» **PROBLEM TO WORK ON**
Go through the data below and repeat it exactly, skipping each picture.

» **DATA EXCERPTS**
BEGIN

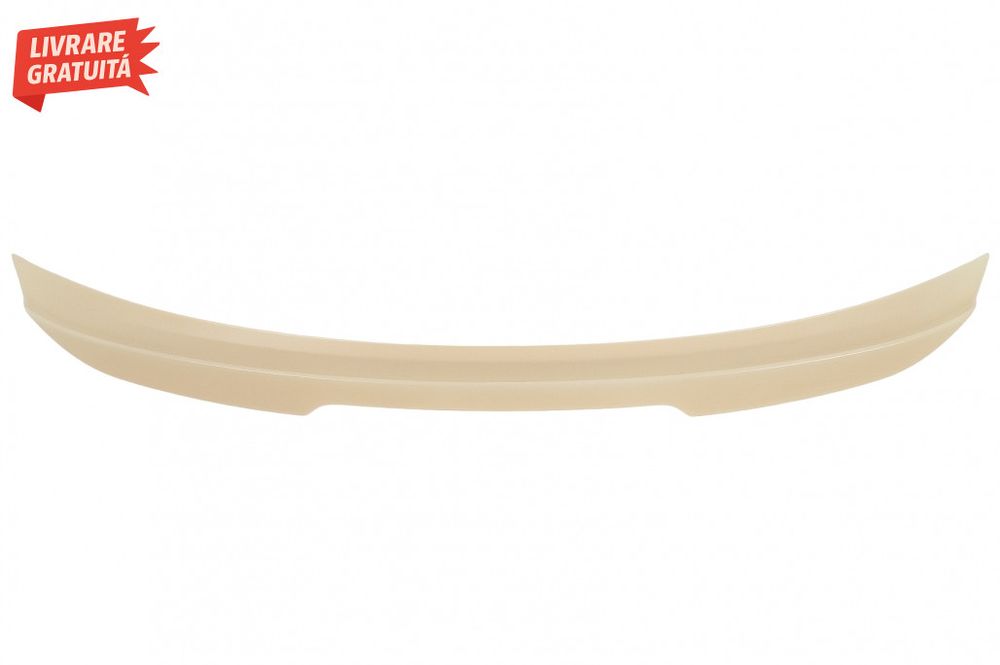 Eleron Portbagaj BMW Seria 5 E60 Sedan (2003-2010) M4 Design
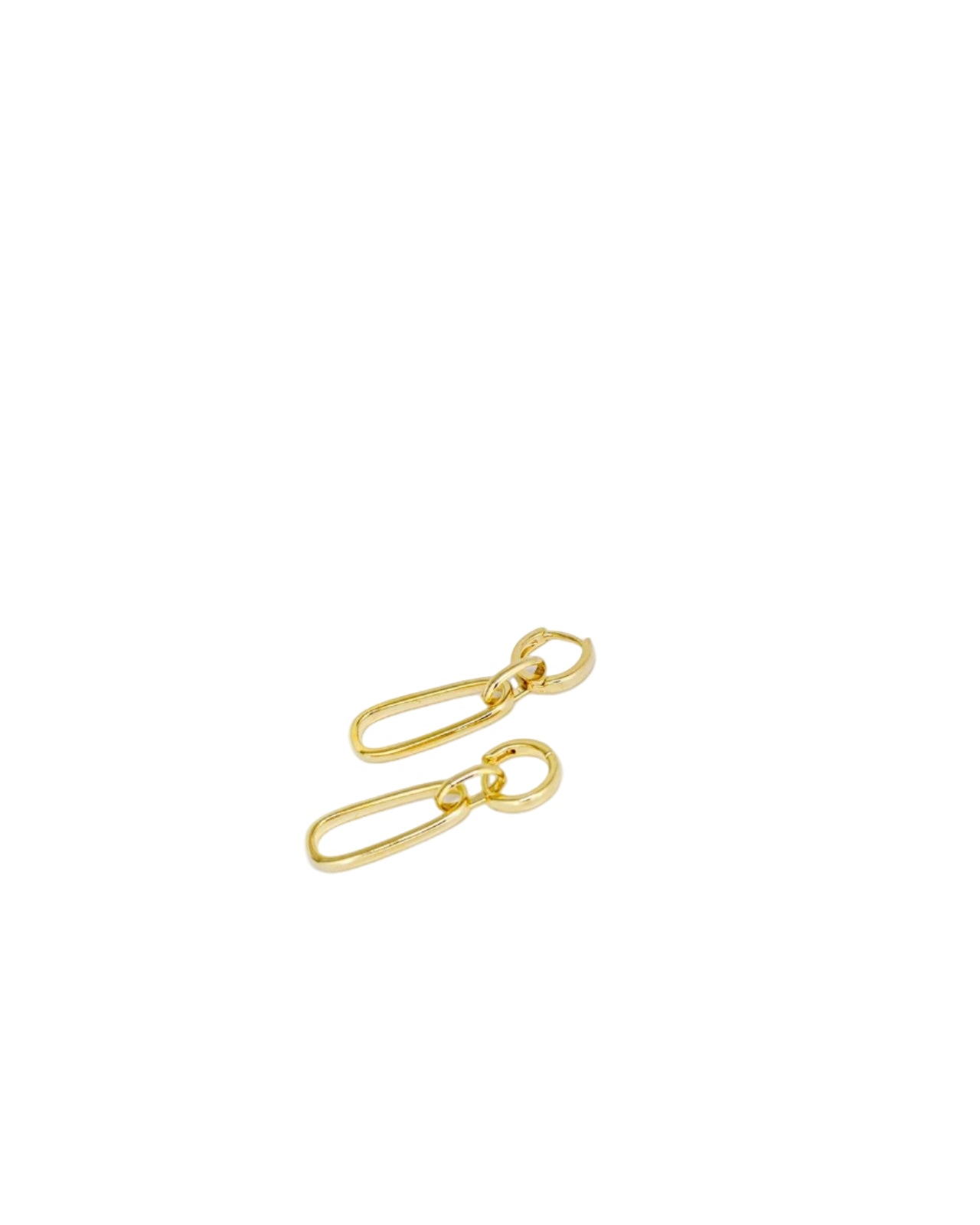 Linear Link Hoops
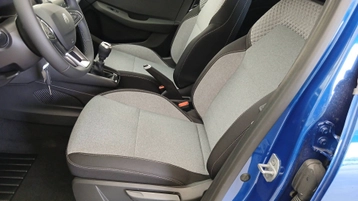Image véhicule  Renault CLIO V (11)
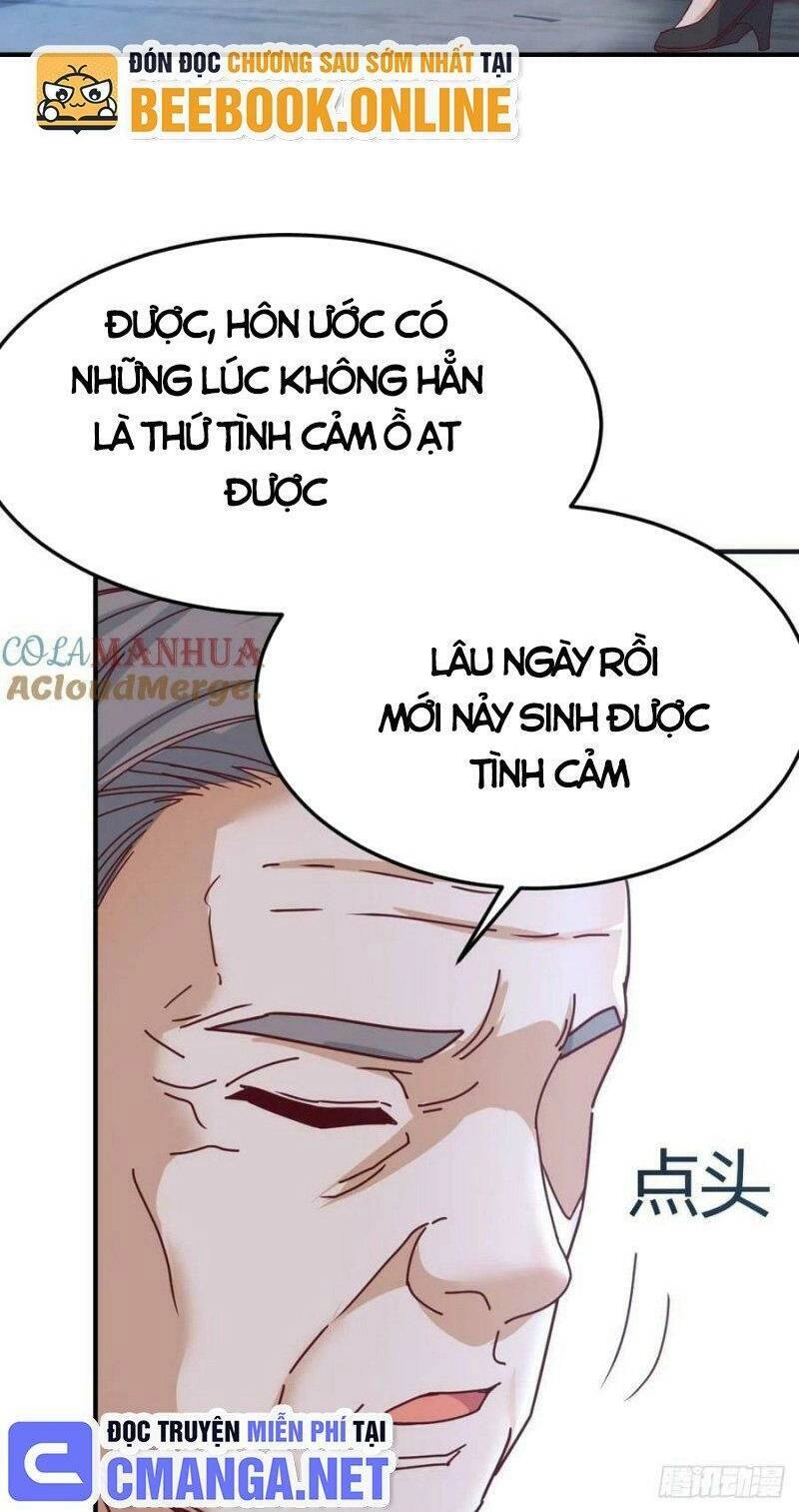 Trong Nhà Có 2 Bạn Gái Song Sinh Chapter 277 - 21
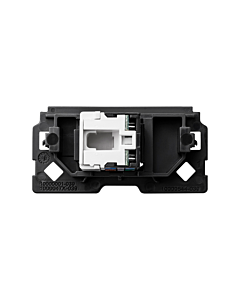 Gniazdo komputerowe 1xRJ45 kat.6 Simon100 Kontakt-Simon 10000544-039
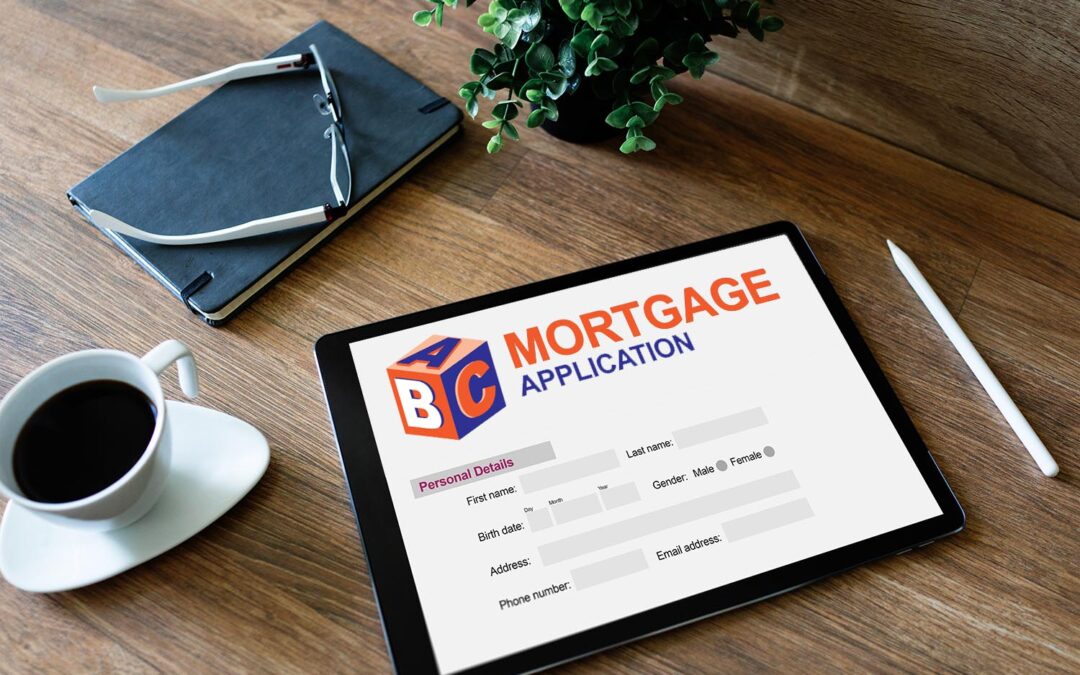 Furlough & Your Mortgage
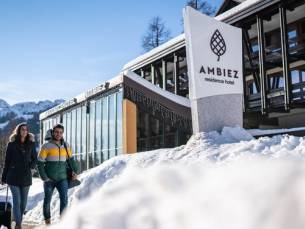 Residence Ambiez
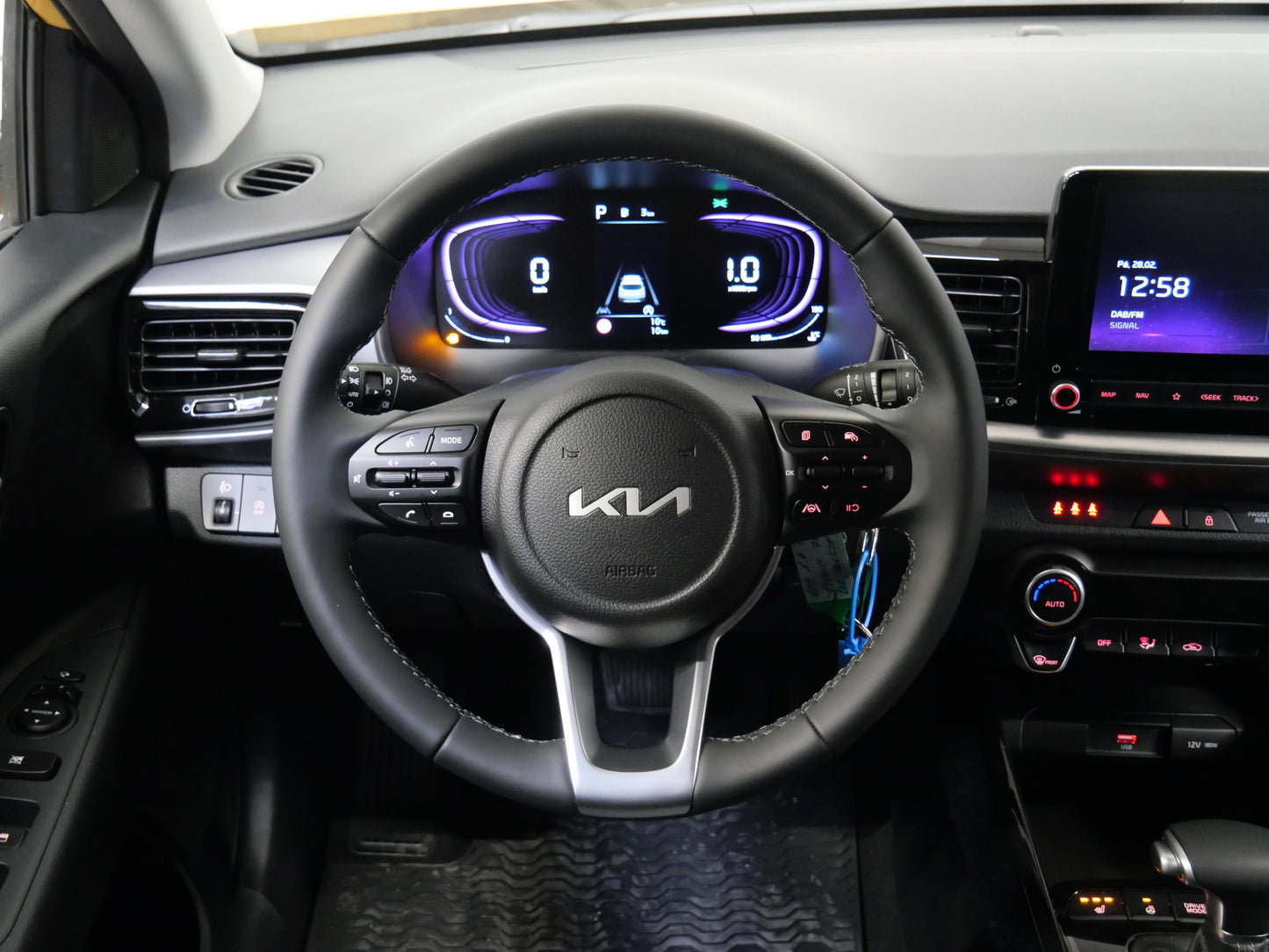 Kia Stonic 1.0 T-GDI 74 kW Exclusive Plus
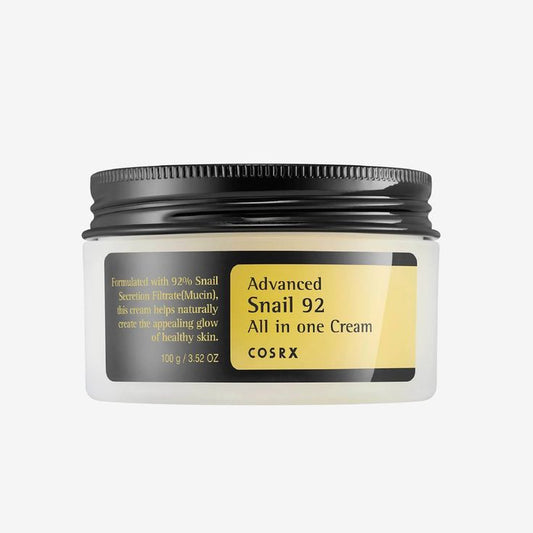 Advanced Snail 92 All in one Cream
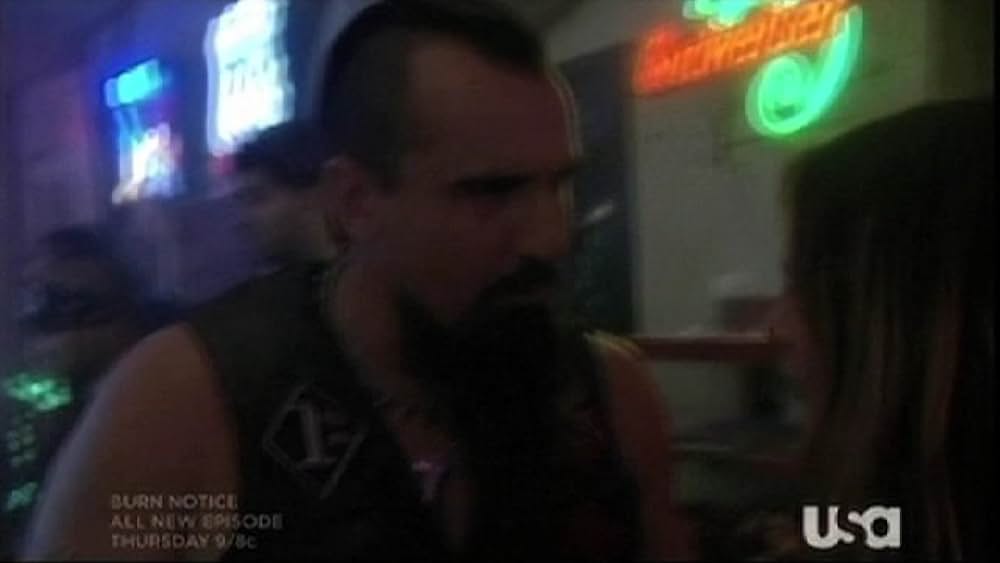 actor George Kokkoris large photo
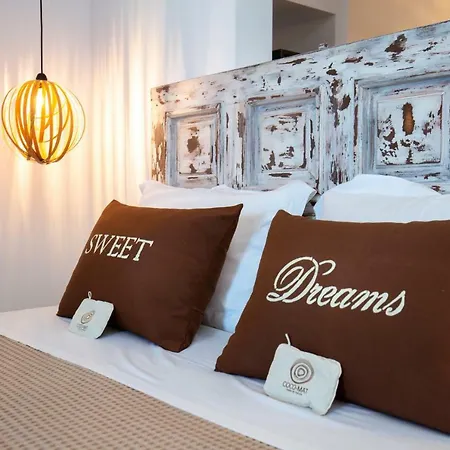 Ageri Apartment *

END

» **SOLUTION BELOW**
 Eleron Portbagaj BMW Seria 5 E60 Sedan (2003-2010) M4 Design
 Linear Link Hoops
Image véhicule  Renault CLIO V (11)
 Trong Nhà Có 2 Bạn Gái Song Sinh Chapter 277 - 21
 Gniazdo komputerowe 1xRJ45 kat.6 Simon100 Kontakt-Simon 10000544-039
 Furlough & Your Mortgage
 Residence Ambiez
 Kia Stonic 1.0 T-GDI 74 kW Exclusive Plus
 Advanced Snail 92 All in one Cream
 actor George Kokkoris large photo
 Ageri Apartment *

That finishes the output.